- Exercise brief:
Every line below from the one containing "630 Apache Trl" through the one containing "Vista cortada de" must be transcribed exactly. Omit all lines outside that stretch.

- Available data:
• • • • •

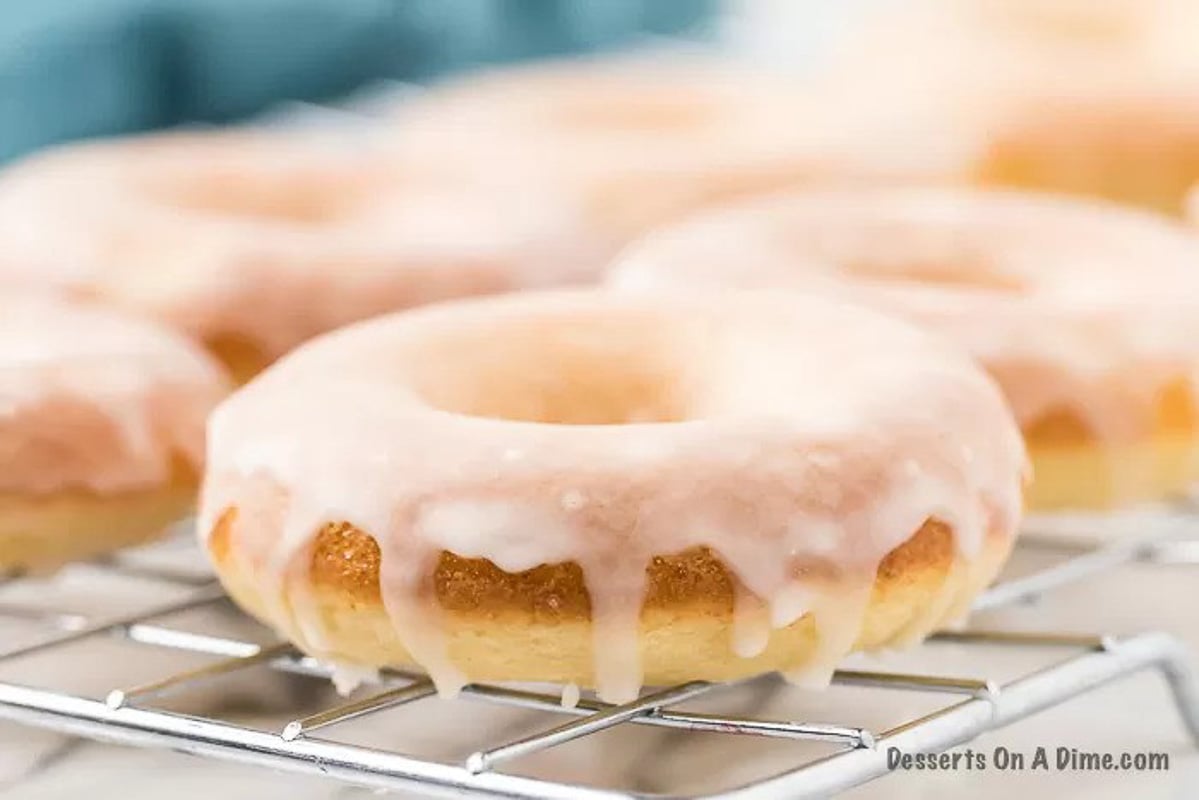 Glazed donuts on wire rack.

• • • • •

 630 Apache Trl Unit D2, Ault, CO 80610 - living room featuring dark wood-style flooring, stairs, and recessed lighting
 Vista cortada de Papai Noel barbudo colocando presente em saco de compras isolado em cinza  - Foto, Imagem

• • • • •

- Problem solution:
 630 Apache Trl Unit D2, Ault, CO 80610 - living room featuring dark wood-style flooring, stairs, and recessed lighting
 Vista cortada de Papai Noel barbudo colocando presente em saco de compras isolado em cinza  - Foto, Imagem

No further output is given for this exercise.